- Opening Delimiter -
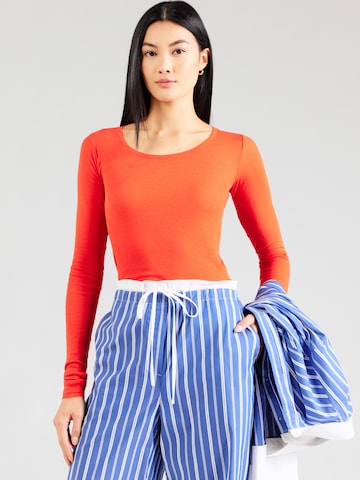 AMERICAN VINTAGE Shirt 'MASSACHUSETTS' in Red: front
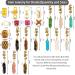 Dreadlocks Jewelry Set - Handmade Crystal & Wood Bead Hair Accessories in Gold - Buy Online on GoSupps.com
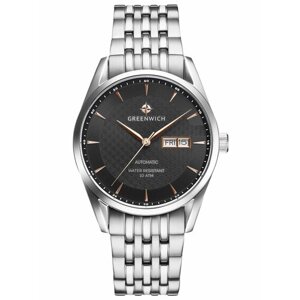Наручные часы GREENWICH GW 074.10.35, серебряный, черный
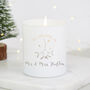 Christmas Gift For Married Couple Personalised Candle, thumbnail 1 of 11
- Closing Delimiter -
- Opening Delimiter -
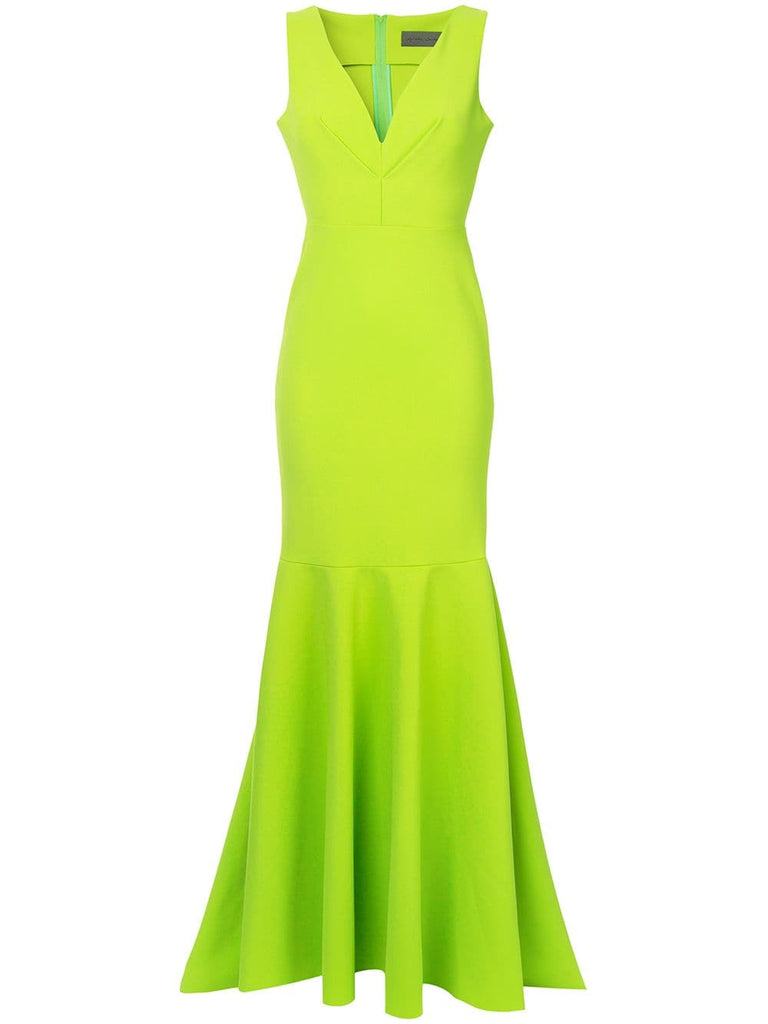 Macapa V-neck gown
- Closing Delimiter -
- Work to complete -
In the material above, one part opens with the line containing "AMERICAN VINTAGE Shirt" and closes with the line containing "Наручные часы GREENWICH". Write out that part exactly and skip its pictures.

- Result for this task -
 AMERICAN VINTAGE Shirt 'MASSACHUSETTS' in Red: front
 Dreadlocks Jewelry Set - Handmade Crystal & Wood Bead Hair Accessories in Gold - Buy Online on GoSupps.com
Наручные часы GREENWICH GW 074.10.35, серебряный, черный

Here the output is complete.